Data for this task:
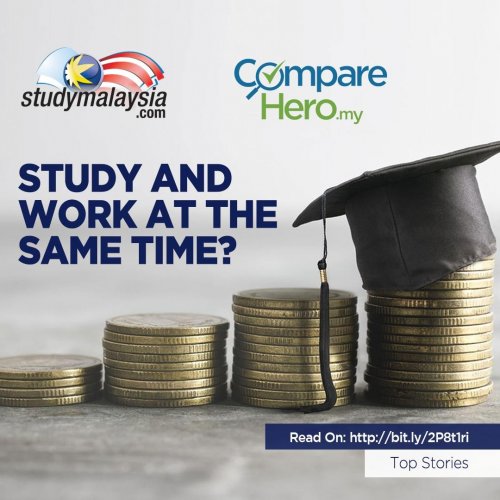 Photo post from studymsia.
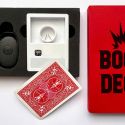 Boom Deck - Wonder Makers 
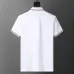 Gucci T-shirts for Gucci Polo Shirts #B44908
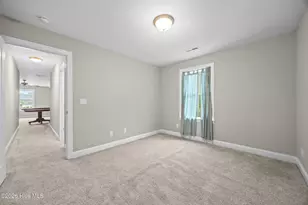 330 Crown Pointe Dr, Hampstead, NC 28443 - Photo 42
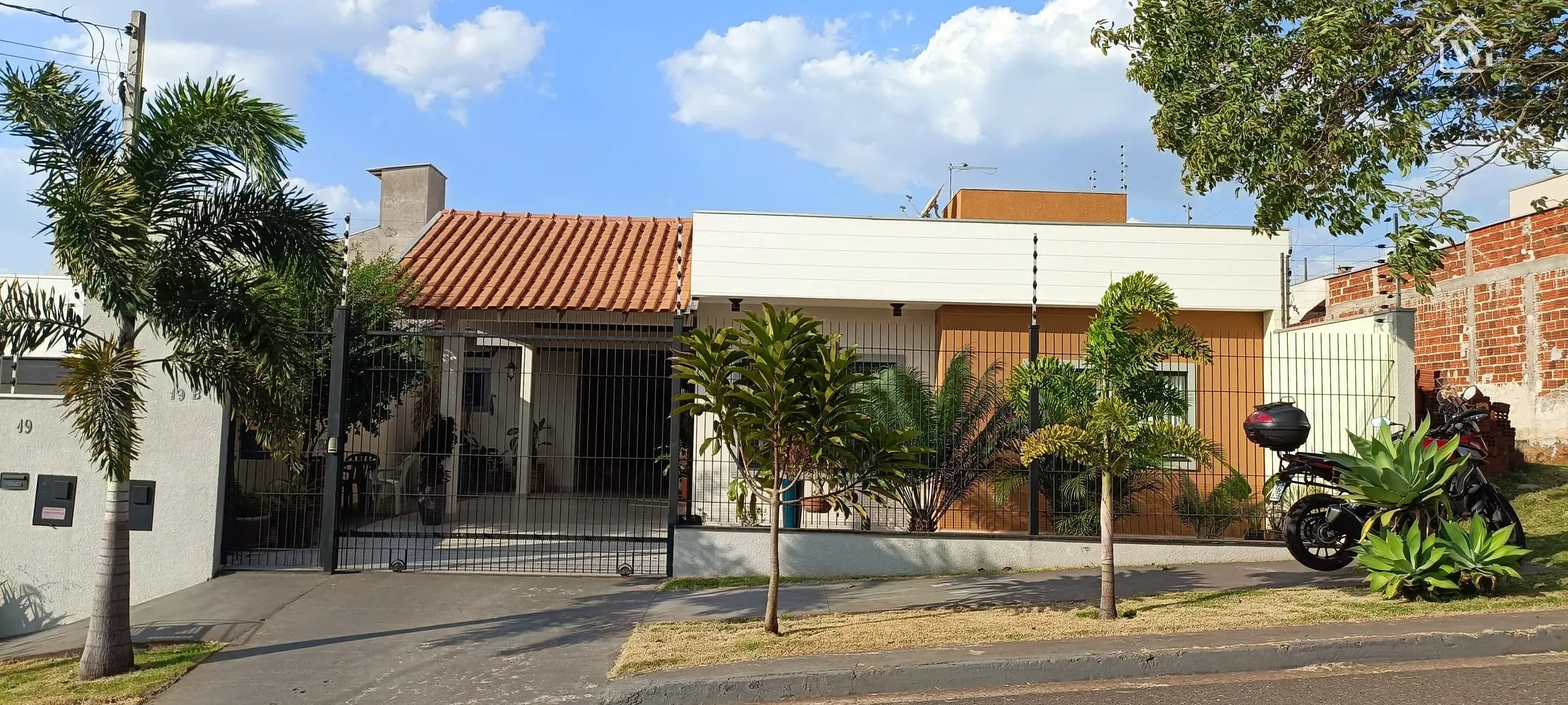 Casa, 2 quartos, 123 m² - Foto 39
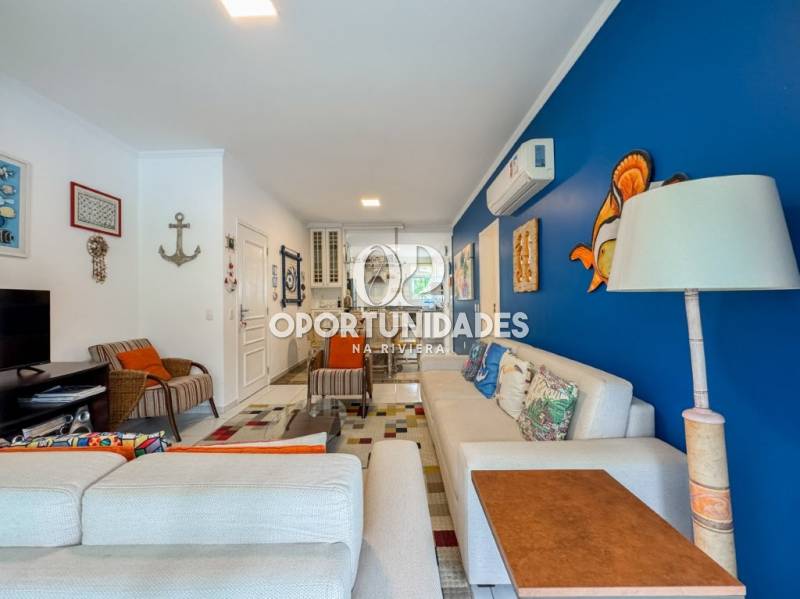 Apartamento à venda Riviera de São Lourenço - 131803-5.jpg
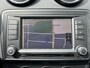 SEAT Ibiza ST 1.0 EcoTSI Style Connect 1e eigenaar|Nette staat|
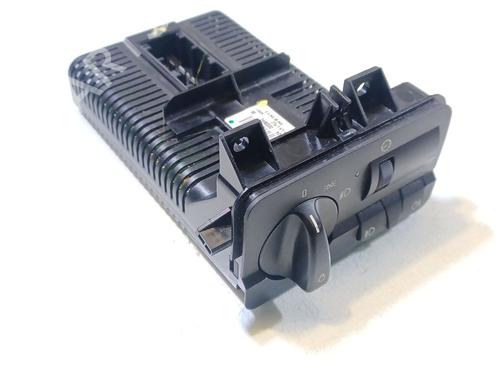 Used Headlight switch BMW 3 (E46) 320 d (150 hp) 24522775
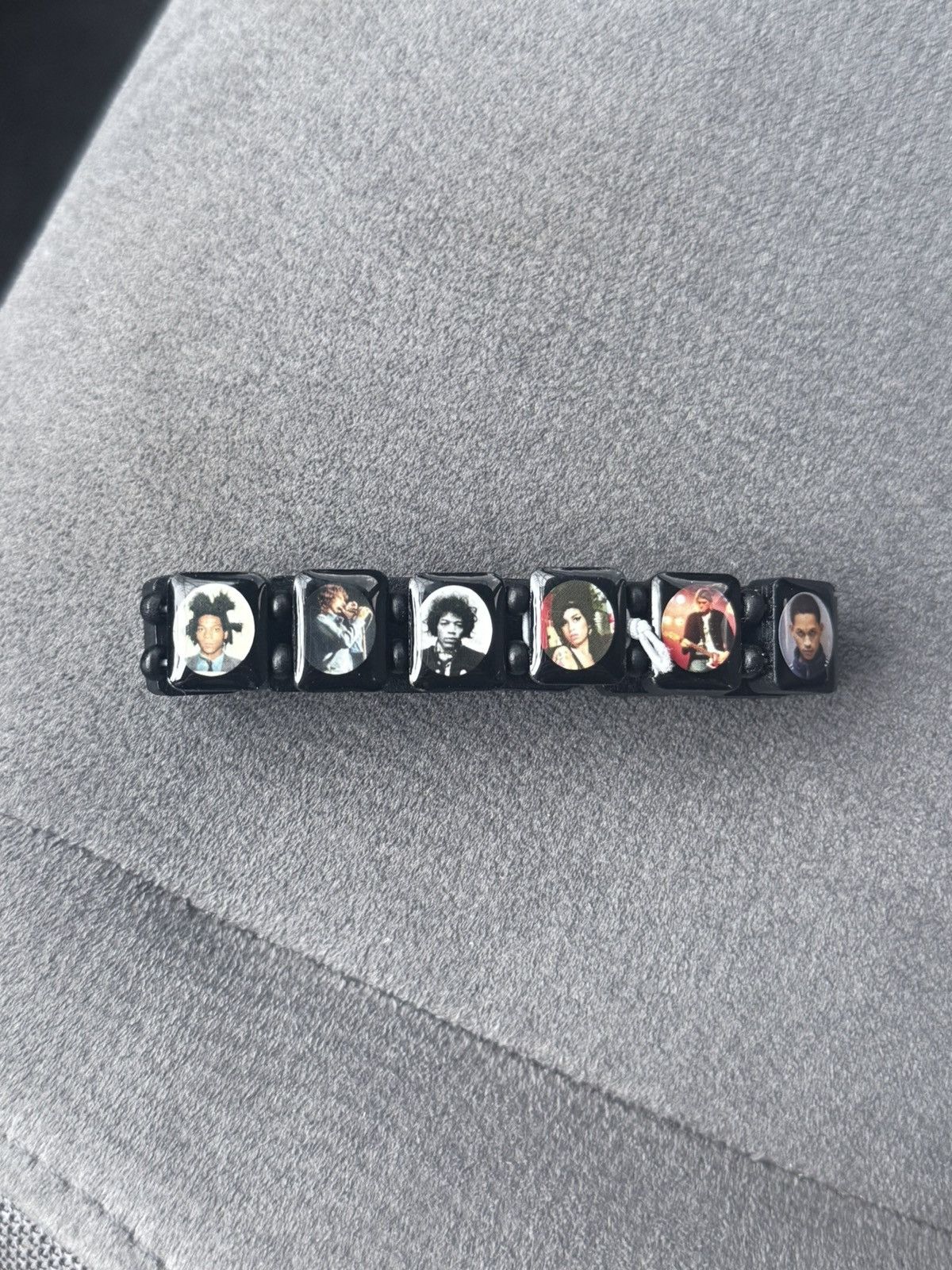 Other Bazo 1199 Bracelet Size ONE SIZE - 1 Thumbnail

Task brief: The material is to be written out word for word, and the pictures are to be left out.

Response below:
 Photo post from studymsia.
 Boom Deck - Wonder Makers 
 Gucci T-shirts for Gucci Polo Shirts #B44908
 330 Crown Pointe Dr, Hampstead, NC 28443 - Photo 42
 Casa, 2 quartos, 123 m² - Foto 39
 Apartamento à venda Riviera de São Lourenço - 131803-5.jpg
 SEAT Ibiza ST 1.0 EcoTSI Style Connect 1e eigenaar|Nette staat|
 Used Headlight switch BMW 3 (E46) 320 d (150 hp) 24522775
 Other Bazo 1199 Bracelet Size ONE SIZE - 1 Thumbnail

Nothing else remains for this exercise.